Tuesday, November 9, 2010: 8:30 AM
Grand Ballroom F (Salt Palace Convention Center)
We have demonstrated a class of “stealth” zwitterionic materials that are highly resistant to nonspecific protein adsorption, bacterial adhesion, and biofilm formation. Among zwitterionic materials, only poly(carboxybetaine) (PCB) can be functionalized with biomolecules. This makes it a possible alternative to polyethylene glycol (PEG), which is vulnerable to oxidative damage and has few functional groups, for a broad range of applications. However, it is very difficult to combine the robust PCB to any hydrophobic domains due to its super-hydrophilic property.
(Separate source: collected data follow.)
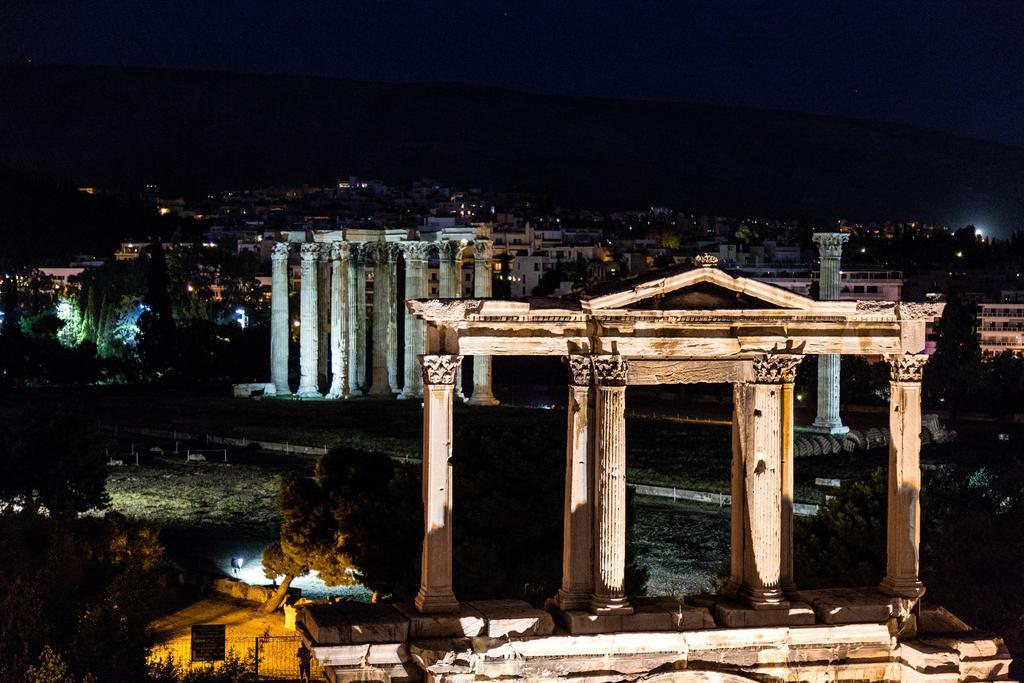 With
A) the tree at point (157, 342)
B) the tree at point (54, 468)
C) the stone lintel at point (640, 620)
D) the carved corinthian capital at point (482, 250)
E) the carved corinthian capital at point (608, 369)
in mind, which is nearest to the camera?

This talk introduces a generic method to covalently attach super-hydrophilic PCB to hydrophobic moieties by adopting the hydrolysable hydrophobic precursor of zwitterionic PCB. Based on this method, amphiphilic block copolymers with “sharp” hydrophobic/hydrophilic contrast between two moieties were obtained. This talk focuses on the formulation of “sharp” contrast polymers into degradable drug delivery systems (i.e. poly(lactic-co-glycolic acid) (PLGA) based systems). Unusual properties of the resulting drug delivery nanoparticles (NPs) will be discussed that are not found in any of current NP systems.